現在はadapterを内包しているが外から注入できたほうがいいかもなーと思っている。
monorepo
これらのパッケージの運用・リリースを行うのにmonorepoの構成を採用している。 そのため、開発リポジトリは以下の一つのみ。
monorepoの運用については以下の記事を書いた際に検証し、得た知見をそのまま利用している。
Usage
以下のような実装を考える。
import { createLogone } from '@logone/core' import { createAdapter } from '@logone/adapter-node' const logone = createLogone(createAdapter()) const main = () => { const { logger, finish } = logone.start('example') logger.info('hello world') finish() }
これを実行すると、このようなログを1行にまとめて出力する。
{ "type": "example", "config": { "elapsedUnit": "1ms" }, "context": {}, "runtime": { "severity": "INFO", "startTime": "2024-05-01T01:02:03.456Z", "endTime": "2024-05-01T01:02:04.456Z", "elapsed": 1000, "lines": [ { "severity": "INFO", "message": "hello world", "payload": [], "fileLine": 8, "fileName": "/path/to/example.ts", "time": "2024-05-01T01:02:03.456Z" } ] } }
finish
関数が実行されるまでログはlogoneに収集され、出力されない。
finish
関数が実行されて初めてログはadapterを経由して出力される。
ここから、logoneにおける要素と想定ケースを説明していく。
context
ログの集約単位を示す情報をcontextには設定できる。 例えば、リクエストなんかでは以下のように使うことができる。
const { logger, finish } = logone.start('request', { url: req.url, method: req.method, host: req.headers.host, userAgent: req.headers['user-agent'], })
この設定によって、そのログがどのリクエスト(などのコンテクスト)で実行されたかの関係性が自明になる。
runtime elapsed
ログの開始から終了までの経過時間を1ms単位で出力する。 configで渡すInterfaceにはしているが今のところ1ms固定なので注意。
runtime severity
Severityは以下のものを用意している。 - DEBUG - INFO - WRNING - ERROR - CRITICAL
各Lineで出力されたSeverityのなかでプライオリティが一番高いものをruntimeのSeverityとして指定している。 プライオリティは上のリストで下に行くほど高い。
今後の展望としてSeverityの脚切りができるようにはしたい。
file information
今回工夫したものとしては、このファイル情報の出力である。 なぜならば、JavaScriptは関数の呼び出し元という情報を原則保持しないためである。(実行環境によって差異がある、Nodeはサポートしていない)
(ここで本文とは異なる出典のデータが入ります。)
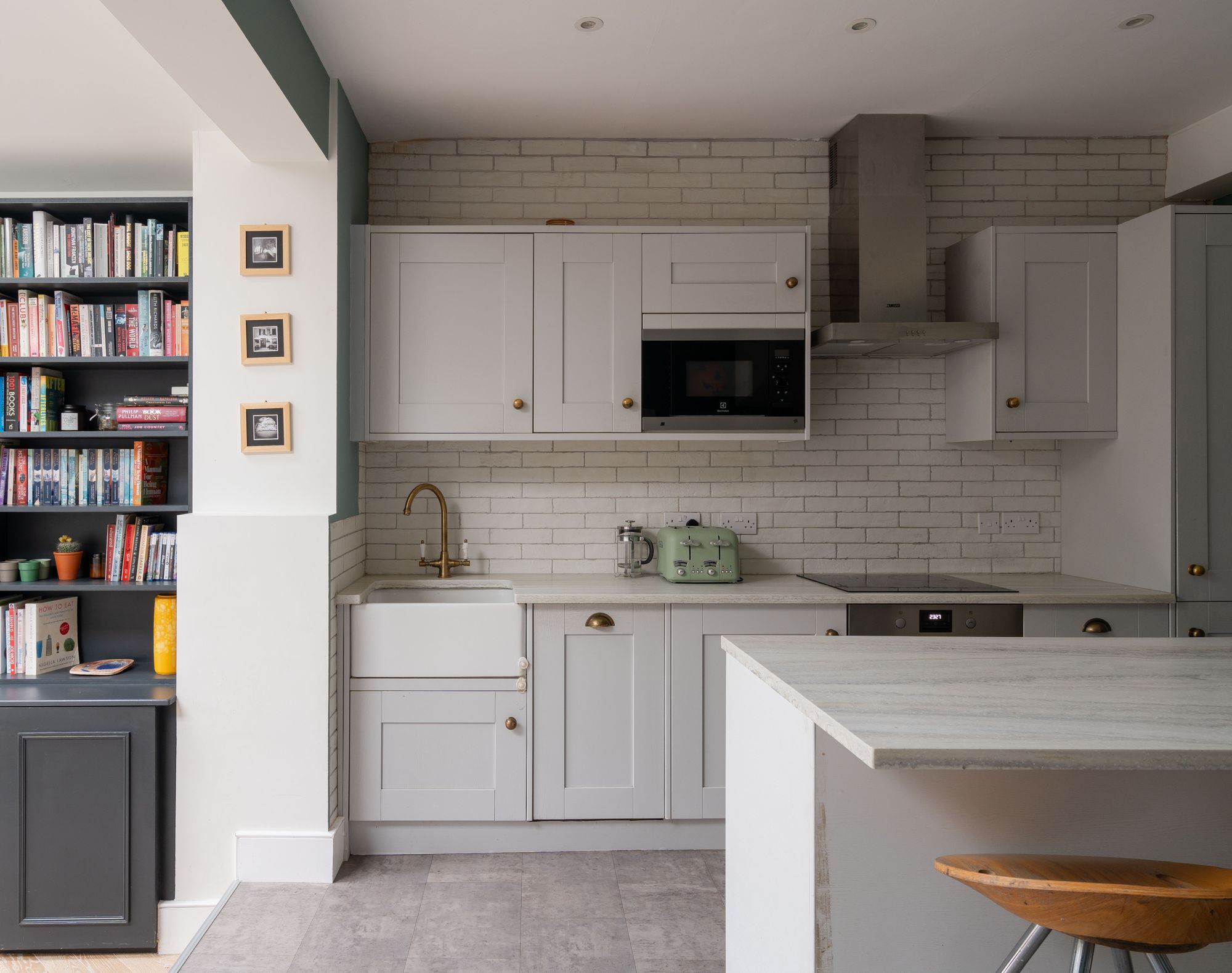 3 bed mid-terraced house for sale in Woodlands Road, Leytonstone, London, E11  - Property Image 7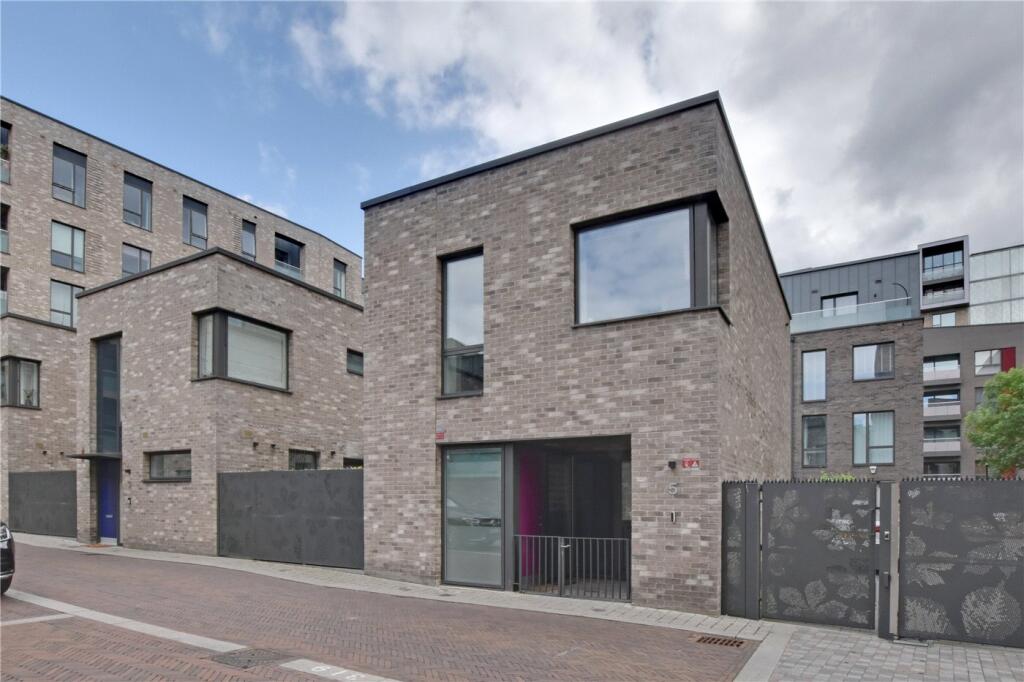 Main image of property: Gilroy Street, Greenwich, London, SE10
ただ唯一の例外がErrorオブジェクトによるStack Traceである。 今回はErrorオブジェクトを発行して、呼び出した関数のStackTraceからファイル情報を抜き出している。
private getCallerPosition(): [string | null, number | null, number | null] { const stack = new Error().stack const rows = stack ? stack.split(/\n/) : [] const current = rows[4] if (!current) { return [null, null, null] } const [file, lines, chars] = current.replace(/\s*at\s+/, '').split(/:/) return [ file ?? null, lines ? Number(lines) : null, chars ? Number(chars) : null ] }
雑に引っこ抜いているので、フォーマット崩れはあるかも... とはいえ、これによって(生成後のJSファイルではあるが...)実行場所を把握しやすくなっている。
まとめ
−−というわけで、logone-goの移植、@logone/coreを作成しました! adapterを追加すればあちこちで使えるんじゃないかな〜というのと、多分NodeJSだけで動くようには作ってないと思うのと、動作についてはzero-dependencyなので非常にライトに使えると思っています。
NodeJS界隈の構造化ログだと、child-processなどで集約していたり、かなり工夫して頑張っているライブラリも多いですが、logoneは汎用性に重きを置いている(それが本当に必要なのかはわからない)ため、非常にライトな実装と動作になっています。 気軽に試してみたい方はぜひ触ってみてください。